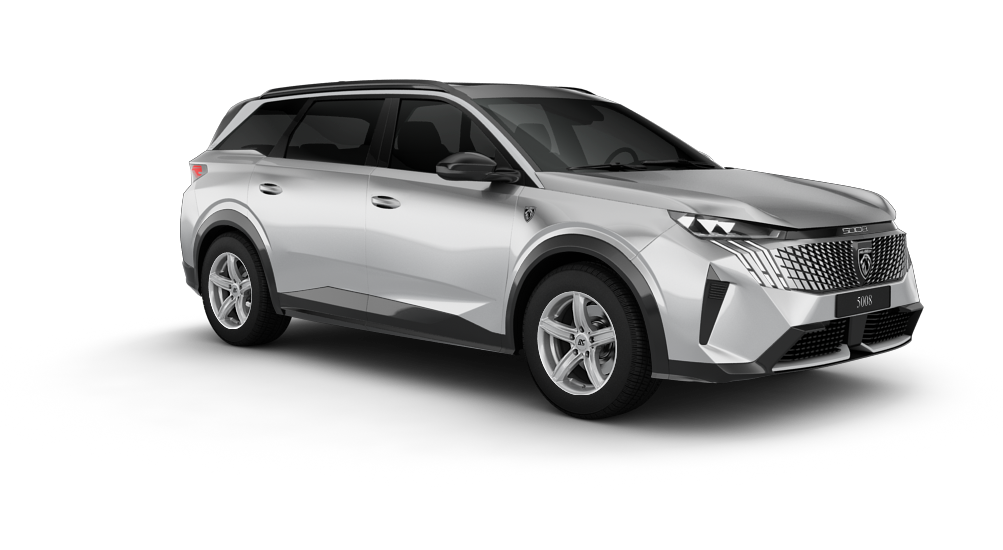 Peugeot 5008 ALLURE Plug-In Hybrid 195 e-DSC7 Allure Leasing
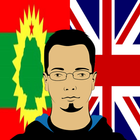 Oromo English Translator ícone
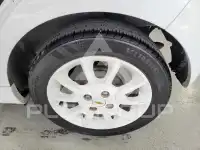 2015 Chevrolet 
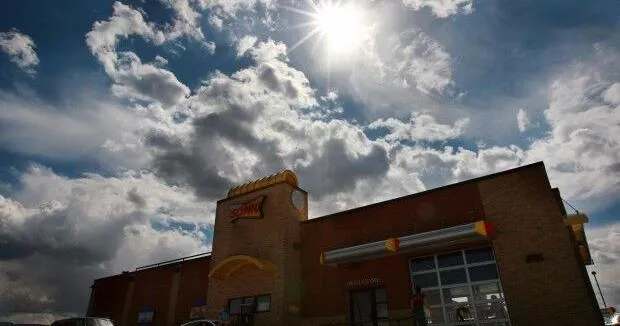 A Casper Sonic stop was supposed to save $10. It became far more costly for this local man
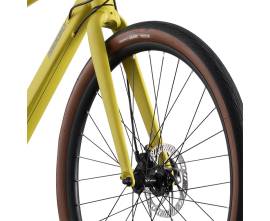 DIAMONDBACK Division 2/MD/17 Yellow City / Cruiser / Urban new / not used For Sale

__GOAL OF THE EXERCISE__: All lines from the one containing "Oromo English Translator ícone" through the final line of the records are to be retyped exactly; no other lines and no pictures are to be included.

__OUTPUT OF THE TASK__:
 Oromo English Translator ícone
 2015 Chevrolet 
 A Casper Sonic stop was supposed to save $10. It became far more costly for this local man
 DIAMONDBACK Division 2/MD/17 Yellow City / Cruiser / Urban new / not used For Sale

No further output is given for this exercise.